Monday, September 2, 2013

1. In a young patient, athlete, with development of UE DVT and symptoms consistent with chronic PE, like SOB and even hemoptysis, and perhaps CT findings of what could be old consolidated blood in dependent parts of the lung, think paget-schroetter syndrome. Hypertrophy of the anterior scalene or subclavian muscle, and/or excessive movement of the clavicle and first rib against the axillary v, (i.e. in young athletes like baseball pitchers or mechanics who have their hands up a lot). Repetitive crushing of the vein leads to vessel inflammation, damage, and eventually intimal hypertrophy.
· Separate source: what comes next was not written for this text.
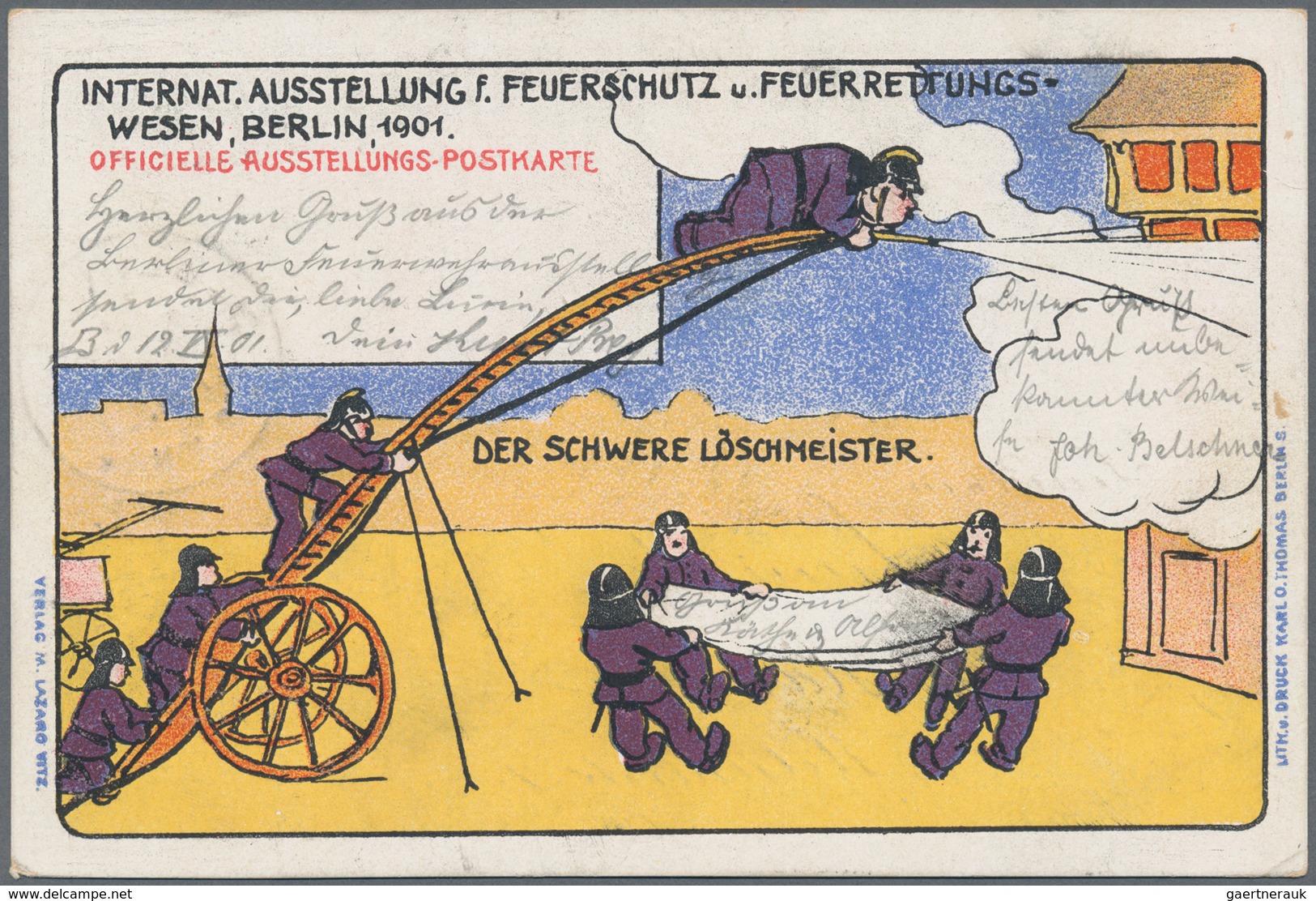 Thematik: Feuerwehr / Firebrigade: 1901, BERLIN / AUSST. FÜR FEUERSCHUTZ: 2x Sonderstempel Und Sonde - Pompieri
The tissue surrounding the vessel, normally loose, can become fibrotic and further worsen damage.(J Vasc Surg)
2. Treatment for paget-schroetter is generally agreed to be anticoagulation followed by surgery to remove first rib and anterior scalene. Surgery is the definitive treatment; without it, the symptoms/clots inevitably recur. They used to wait 6 mos before surgery, but there's some data out now that it can be done immediately upon diagnosis with no difference in outcome. With regard to how to manage the clot/prevent more thrombosis before definitive surgical treatment, one retrospective study out of Hopkins (n=110) compared endovascular intervention (thrombolysis/venoplasty) and vs medical management (usu warfarin, sometimes lovenox) before surgery, and found no difference in eventual outcomes. (J vasc surg) Of course as a retrospective chart review study at a big referral center, there was neither randomization nor homogeneity in the type or duration of intervention. Stent/balloon angioplasty usually leads to worse outcomes, as it creates an even more thrombogenic surface that will inevitably clot off again;  (Ann thorac surg).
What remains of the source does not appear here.